Abstract: In July 1993, the Occupational Safety and Health Administration (OSHA) was petitioned for an emergency temporary standard (ETS) to reduce the permissible exposure limit (PEL) for occupational exposures to hexavalent chromium (CrVI). The Oil, Chemical, and Atomic Workers International Unions (OCAW) and Public Citizen's Health Research Group (HRG) petitioned OSHA to promulgate an ETS to lower the PEL for CrVI compounds to 0.5 micrograms per cubic meter of air (ug/m3) as an eighthour, time-weighted average (TWA). The current PEL in general industry is a ceiling value of 100 ug/m3, measured as CrVI and reported as chromic anhydride (CrO3). The amount of CrVI in the anhydride compound equates to a PEL of 52 ug/m3. The ceiling limit applies to all forms of CrVI, including chromic acid and chromates, lead chromate, and zinc chromate. The current PEL of CrVI in the construction industry is 100 ug/m3 as a TWA PEL, which also equates to a PEL of 52 ug/m3. After reviewing the petition, OSHA denied the request for an ETS and initiated a section 6(b)(5) rulemaking.

OSHA began collecting data and performing preliminary analyses relevant to occupational exposure to CrVI. However, in 1997, OSHA was sued by HRG OCAW for unreasonable delay in issuing a final CrVI standard. The 3rd Circuit, U.S. Court of Appeals ruled in OSHA's favor and the Agency continued its data collection and analytic efforts on CrVI. In 2002, OSHA was sued again by HRG and Paper, Allied-International, Chemical and Energy Workers Ineternational Union (PACE) for continued unreasonable delay in issuing a final CrVI standard. In August, 2002 OSHA published a Request for Information on CrVI to solicit additional information on key issues related to controlling exposures to CrVI and on December 4, 2002, OSHA announced its intent to proceed with developing a proposed standard. On December 24, 2002, the 3rd Circuit, U.S. Court of Appeals ruled in favor of HRG and ordered the Agency to proceed expeditiously with a CrVI standard.

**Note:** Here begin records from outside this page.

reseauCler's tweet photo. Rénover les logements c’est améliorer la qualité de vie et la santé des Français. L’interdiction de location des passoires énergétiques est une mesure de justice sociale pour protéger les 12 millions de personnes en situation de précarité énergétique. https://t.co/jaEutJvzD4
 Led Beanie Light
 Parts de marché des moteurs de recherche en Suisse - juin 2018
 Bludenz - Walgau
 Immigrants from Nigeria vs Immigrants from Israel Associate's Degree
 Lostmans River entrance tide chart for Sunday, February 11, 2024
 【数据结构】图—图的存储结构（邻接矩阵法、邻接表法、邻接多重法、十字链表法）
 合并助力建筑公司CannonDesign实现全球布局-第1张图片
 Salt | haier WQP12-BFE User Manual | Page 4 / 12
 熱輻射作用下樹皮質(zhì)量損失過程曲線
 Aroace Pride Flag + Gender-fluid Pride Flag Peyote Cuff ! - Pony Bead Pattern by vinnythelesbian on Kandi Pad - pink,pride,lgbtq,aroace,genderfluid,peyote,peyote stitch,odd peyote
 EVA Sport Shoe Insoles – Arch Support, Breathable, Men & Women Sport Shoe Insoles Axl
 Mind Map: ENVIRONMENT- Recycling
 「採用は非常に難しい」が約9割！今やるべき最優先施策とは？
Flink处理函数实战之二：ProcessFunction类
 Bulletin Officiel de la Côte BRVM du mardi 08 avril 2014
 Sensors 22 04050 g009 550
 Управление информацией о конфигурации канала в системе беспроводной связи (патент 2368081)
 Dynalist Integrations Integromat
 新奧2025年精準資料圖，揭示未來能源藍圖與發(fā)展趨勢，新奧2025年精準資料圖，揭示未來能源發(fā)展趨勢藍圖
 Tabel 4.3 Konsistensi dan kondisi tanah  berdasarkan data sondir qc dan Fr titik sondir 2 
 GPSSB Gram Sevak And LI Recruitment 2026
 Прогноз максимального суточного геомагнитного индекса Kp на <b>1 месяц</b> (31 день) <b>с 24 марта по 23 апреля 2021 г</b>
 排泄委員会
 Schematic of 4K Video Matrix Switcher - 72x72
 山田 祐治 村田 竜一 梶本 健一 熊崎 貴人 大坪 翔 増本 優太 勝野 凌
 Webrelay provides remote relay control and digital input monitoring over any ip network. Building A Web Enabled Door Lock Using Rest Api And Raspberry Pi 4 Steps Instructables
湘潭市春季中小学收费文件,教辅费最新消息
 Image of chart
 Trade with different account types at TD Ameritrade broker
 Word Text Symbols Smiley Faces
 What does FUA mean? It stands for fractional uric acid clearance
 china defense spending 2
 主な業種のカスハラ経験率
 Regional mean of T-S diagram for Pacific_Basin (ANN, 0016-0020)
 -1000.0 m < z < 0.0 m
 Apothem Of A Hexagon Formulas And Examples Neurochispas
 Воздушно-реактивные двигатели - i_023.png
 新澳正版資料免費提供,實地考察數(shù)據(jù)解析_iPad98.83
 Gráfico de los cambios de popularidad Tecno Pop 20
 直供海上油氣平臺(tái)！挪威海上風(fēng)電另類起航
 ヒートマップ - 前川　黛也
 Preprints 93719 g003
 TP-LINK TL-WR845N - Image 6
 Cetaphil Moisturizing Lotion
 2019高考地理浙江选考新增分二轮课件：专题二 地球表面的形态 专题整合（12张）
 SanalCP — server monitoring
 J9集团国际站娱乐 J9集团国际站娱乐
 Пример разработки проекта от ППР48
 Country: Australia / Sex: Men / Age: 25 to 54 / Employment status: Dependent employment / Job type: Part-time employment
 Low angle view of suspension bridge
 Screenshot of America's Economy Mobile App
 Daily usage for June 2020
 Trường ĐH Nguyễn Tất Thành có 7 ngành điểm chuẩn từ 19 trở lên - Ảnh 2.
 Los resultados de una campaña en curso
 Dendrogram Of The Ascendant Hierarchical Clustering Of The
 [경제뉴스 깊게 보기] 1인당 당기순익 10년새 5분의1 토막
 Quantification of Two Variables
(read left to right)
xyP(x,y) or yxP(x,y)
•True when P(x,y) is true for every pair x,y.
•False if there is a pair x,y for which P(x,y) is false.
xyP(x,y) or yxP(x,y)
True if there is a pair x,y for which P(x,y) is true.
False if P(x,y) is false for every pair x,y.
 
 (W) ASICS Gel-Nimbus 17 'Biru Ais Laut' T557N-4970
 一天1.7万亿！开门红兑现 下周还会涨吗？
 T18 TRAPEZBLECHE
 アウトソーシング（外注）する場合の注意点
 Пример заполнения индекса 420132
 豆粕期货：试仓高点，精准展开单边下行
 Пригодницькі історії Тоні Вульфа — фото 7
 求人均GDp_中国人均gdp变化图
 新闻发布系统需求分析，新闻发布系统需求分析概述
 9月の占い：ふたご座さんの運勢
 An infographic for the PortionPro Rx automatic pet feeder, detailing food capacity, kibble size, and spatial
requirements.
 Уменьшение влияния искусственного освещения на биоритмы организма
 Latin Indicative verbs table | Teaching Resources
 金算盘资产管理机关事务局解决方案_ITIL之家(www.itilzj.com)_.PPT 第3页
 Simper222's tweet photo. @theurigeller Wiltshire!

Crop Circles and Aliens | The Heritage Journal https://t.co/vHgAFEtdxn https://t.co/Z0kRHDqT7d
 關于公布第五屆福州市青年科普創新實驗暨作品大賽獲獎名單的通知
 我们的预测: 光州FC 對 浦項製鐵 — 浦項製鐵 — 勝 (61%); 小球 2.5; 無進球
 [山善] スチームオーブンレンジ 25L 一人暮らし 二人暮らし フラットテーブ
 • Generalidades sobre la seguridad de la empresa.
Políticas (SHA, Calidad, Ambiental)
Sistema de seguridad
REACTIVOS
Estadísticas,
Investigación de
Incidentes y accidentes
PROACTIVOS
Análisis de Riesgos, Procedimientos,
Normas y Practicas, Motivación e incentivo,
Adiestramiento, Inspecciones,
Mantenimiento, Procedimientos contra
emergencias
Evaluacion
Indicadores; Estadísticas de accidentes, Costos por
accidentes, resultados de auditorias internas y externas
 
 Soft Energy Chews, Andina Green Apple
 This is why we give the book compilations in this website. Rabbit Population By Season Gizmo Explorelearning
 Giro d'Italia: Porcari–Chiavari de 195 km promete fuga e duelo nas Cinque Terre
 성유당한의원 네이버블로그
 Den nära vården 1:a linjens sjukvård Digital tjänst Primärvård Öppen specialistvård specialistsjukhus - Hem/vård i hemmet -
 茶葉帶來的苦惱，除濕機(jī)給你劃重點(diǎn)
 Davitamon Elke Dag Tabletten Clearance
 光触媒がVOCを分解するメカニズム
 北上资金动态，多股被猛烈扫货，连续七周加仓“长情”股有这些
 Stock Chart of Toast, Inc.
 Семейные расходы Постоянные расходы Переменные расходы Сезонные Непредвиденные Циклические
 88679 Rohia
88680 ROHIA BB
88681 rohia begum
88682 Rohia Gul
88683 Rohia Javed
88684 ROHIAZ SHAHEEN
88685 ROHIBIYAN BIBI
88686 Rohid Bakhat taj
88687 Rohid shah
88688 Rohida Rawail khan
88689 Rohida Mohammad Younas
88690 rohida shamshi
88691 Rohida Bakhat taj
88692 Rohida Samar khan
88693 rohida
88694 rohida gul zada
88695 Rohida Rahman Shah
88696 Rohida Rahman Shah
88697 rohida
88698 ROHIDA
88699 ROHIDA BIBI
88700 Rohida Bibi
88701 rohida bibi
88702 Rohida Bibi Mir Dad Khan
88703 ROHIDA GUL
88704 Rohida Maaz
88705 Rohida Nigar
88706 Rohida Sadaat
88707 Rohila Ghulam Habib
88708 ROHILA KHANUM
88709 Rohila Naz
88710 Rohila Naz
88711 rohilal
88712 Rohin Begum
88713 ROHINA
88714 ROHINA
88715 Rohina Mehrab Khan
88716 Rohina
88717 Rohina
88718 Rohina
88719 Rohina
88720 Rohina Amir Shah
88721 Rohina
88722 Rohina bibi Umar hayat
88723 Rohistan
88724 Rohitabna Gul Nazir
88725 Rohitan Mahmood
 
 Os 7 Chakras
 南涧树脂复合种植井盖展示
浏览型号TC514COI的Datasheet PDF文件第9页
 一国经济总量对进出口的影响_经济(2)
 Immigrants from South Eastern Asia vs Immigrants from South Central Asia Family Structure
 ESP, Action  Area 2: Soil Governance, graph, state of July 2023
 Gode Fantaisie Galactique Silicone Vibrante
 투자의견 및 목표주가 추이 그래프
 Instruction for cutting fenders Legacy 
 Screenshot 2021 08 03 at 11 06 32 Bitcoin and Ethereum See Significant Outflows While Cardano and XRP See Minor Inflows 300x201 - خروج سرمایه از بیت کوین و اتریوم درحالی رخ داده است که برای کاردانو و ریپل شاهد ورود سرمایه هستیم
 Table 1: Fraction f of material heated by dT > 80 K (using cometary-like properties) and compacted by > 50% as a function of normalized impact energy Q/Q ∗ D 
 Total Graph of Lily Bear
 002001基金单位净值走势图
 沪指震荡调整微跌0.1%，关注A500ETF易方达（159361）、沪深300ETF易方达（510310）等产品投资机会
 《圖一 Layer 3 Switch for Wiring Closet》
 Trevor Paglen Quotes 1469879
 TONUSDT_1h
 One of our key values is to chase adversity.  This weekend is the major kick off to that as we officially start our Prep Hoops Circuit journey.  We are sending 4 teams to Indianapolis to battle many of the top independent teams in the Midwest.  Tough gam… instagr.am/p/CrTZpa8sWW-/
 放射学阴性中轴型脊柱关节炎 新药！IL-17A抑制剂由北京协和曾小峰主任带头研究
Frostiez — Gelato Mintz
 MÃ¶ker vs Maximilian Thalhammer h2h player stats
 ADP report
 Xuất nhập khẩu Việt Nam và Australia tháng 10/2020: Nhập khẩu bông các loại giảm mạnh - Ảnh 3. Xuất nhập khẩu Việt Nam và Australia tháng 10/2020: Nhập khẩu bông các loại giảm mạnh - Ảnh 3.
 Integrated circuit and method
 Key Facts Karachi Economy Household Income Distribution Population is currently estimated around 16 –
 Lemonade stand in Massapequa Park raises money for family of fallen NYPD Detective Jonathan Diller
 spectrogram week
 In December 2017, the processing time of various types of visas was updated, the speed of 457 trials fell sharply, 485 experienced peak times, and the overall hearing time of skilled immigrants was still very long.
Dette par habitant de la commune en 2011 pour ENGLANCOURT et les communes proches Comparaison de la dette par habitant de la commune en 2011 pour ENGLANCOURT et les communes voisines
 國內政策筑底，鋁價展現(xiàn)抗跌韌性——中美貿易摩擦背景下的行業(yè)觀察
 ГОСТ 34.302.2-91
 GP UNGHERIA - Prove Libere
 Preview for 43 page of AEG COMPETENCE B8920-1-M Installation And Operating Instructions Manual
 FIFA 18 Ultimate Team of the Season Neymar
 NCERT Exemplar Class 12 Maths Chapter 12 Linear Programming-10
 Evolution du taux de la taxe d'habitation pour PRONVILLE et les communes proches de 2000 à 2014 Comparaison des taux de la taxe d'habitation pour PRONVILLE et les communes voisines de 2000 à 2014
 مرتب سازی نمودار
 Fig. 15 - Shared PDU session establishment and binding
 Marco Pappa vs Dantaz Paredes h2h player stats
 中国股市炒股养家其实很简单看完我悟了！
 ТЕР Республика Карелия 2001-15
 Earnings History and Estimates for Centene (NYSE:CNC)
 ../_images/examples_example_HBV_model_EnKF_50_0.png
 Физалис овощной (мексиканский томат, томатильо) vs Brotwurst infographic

Statement of Need: Approximately 380,000 workers are exposed to CrVI in general industry, maritime, construction, and agriculture. Industries or work processes that could be particularly affected by a standard for CrVI include: Electroplating, welding, painting, chromate production, chromate pigment production, ferrochromium production, iron and steel production, chromium catalyst production, and chromium dioxide and sulfate production.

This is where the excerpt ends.